As part of our A Dram With… blog series, we recently had a chat and a dram with Jack Wrangham from Drone AG, a company that provides drone training courses and easy-to-use software solutions for farmers.
Recently, MSP gave its backing to Drone AG’s newest piece of software, Skippy Scout, an app that makes crop scouting a simple, quick and accurate process.
Keep reading to find out more about Jack, the Skippy Scout technology, and what’s on the horizon for Drone AG.
What is your career background?
“I come from a farming family, but I also ran a company specialising in aerial photography and video using drones for eight years. Back then we were one of the first to start using camera drones in the UK.”
Tell us more about Skippy Scout
“Skippy Scout is a new app we’re developing that takes a drone and turns it into a super-simple, automated field scouting tool.
“It saves farmers and agronomists time by flying around the field taking images at defined sample points, instead of needing to walk over to them. Then we can analyse these images with AI to give useful metrics like GAI and weed percentage cover.
What are the advantages of using Skippy Scout?
“Its main purpose right now is to help farmers save time. Drone technology so far does not really save time, in fact it can even take up more time! With Skippy Scout, we’re changing that.”
What are the next steps for Skippy Scout?
“Eventually, Skippy Scout will have built-in AI analysis, as well as access to satellite maps to guide scouting and various export options to tell machinery where to go and what to do.”
Are there any other agri-tech products that you are currently developing?

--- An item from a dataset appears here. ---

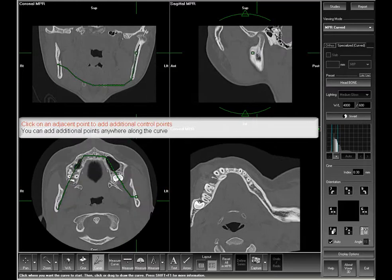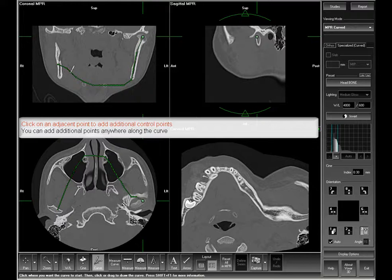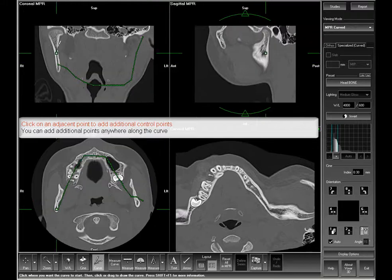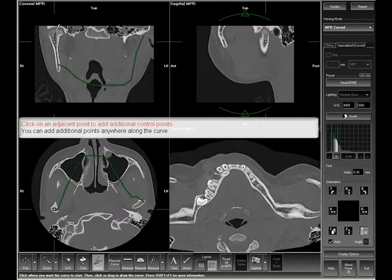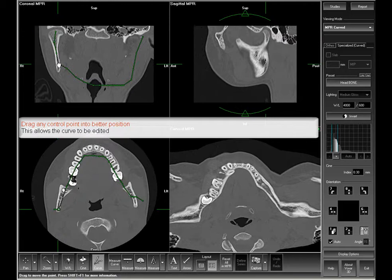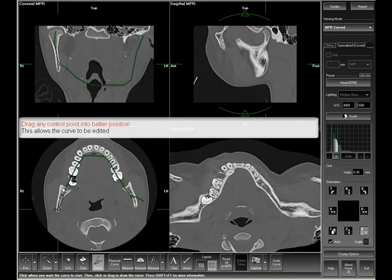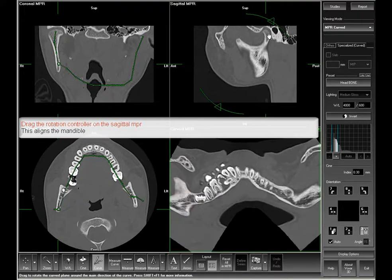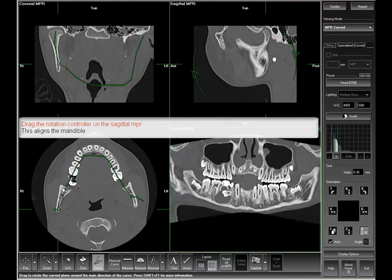To add the right condyle of the mandible, left click on the last adjacent point and deposit your additional control points. You can always move a control point by dragging it. Drag the rotation controller on the sagittal NPR to align the mandible.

“We are currently working with partners on drone-based spraying systems. These are perfect for spot-spraying and accessing wet or tough terrain without damage. The hardware is working, but we just need the legislation (CRD regs) to catch up!”
What are the biggest challenges facing the agriculture industry today?
“Loss of chemicals, soil damage and the need for farmers to maintain a viable business in a world of increasing expenses and plateauing yields.”
How important is technology in overcoming these challenges?
“Very – it is the key. With technology, in its many different forms, we can use fewer chemicals, reduce soil damage, become more efficient and increase yields. But we do need to maintain a focus on keeping things practical and usable for the farmer.”
What is the best advice you’ve ever been given?
“Never stop learning or assume that you can ever stop.”
You’re in the pub, and can choose ANY drink and ANY song to play – what would these be?
“Any beer and any AC/DC song!”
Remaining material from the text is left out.